Jacob can bless these boys, by implication, because of the exemplary devotion of his forebears. Receiving the blessing, in a sense, obligates the boys to this same wakeful attitude.

Jacob continues the preface to the blessing by addressing "the God who shepherds me from when I first began until this day" (Gen. 48:15). "Shepherds," to use the more precise meaning of the word, means "feeds" in this instance. Decades ago, when Jacob first left his parents' home, he had recognized that his ability to serve depended on God's care for him. He could serve only "if God will give me bread to eat" (Gen 28:20).

Now, looking back on his life, he acknowledges that God has kept the covenant. Jacob can bless his grandsons, by implication, because God has given Jacob food, without which one does not live at all. Receiving Jacob's blessing, in a sense, obligates the boys to appreciate the basic necessities of life.

Jacob concludes the preface of the blessing by addressing "the Angel who redeems me from all evil" (Gen. 48:15). It seems odd that this angel "redeems" Jacob "from all evil." Has he really experienced such a blissful, protected life?

In the course of his life, Jacob has endured all sorts of disasters. His mother successfully urged him to deceive his blind old father to get a blessing meant for his older twin, Esau. His twin brother threatened to kill him, forcing Jacob into a 20-year exile from his parents' home. His uncle and employer tricked him into marrying the wrong woman, the sister of the only woman he really loved, and then extorted seven more years of work from him for the next bride.

Though Jacob worked diligently, his father-in-law constantly finagled to try to get out of paying his wages. When, at long last, Jacob left this swindling relative, he had to sneak away in fear. When he returned home, he had to face his possibly murderous brother again.
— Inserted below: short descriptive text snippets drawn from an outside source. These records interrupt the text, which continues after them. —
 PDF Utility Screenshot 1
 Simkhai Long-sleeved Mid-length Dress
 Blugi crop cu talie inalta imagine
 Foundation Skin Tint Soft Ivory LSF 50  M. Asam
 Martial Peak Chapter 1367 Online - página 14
Jacob's wives lived together in continuous tension. His beloved wife, long barren, died in childbirth. He had one favorite son, whom his other sons hated. He was led to believe that his favorite son died young, victim of an apparent attack by a wild beast; but perhaps Jacob suspected that his other sons had ganged up on this boy and nearly murdered him.

Some people experience such a deep sense of religious joy that whatever befalls them does not disturb their inner happiness. William James (in "The Varieties of Religious Experience") calls these the followers of the "religion of healthy-mindedness."
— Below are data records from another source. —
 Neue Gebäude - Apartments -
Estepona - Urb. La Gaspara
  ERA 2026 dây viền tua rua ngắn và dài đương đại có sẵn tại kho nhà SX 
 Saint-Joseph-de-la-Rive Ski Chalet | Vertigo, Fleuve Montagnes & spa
An example: When some Chassidim asked their teacher how to deal with adversity, he recommended that they take their question to Rav Zussya, who had experienced extraordinary illness, poverty and pain. But when they asked Rav Zussya, he demurred: "You'll have to ask someone else. I have been blessed all my life, thank God." Such people feel impervious to trouble.

Our ancestor Jacob was not such a person. He had an acute awareness of his troubles and complained bitterly (see Gen. 31:36-42, 37:35, 43:6, 48:7). When he came to Egypt, Jacob summed up the days of his life as "few and evil" (Gen. 47:9). Yet he blessed his grandchildren by reference to his experience of an angel who "redeems me from all evil."

How does this make sense? Not that Jacob enjoyed every turn of his life, nor that he felt detached. Rather, Jacob had survived his troubles. The Presence remained with him in all his afflictions and saw him through to better times. His grandchildren would know sorrow; but if they experienced a blessing like his, they would have the strength to endure through their troubles.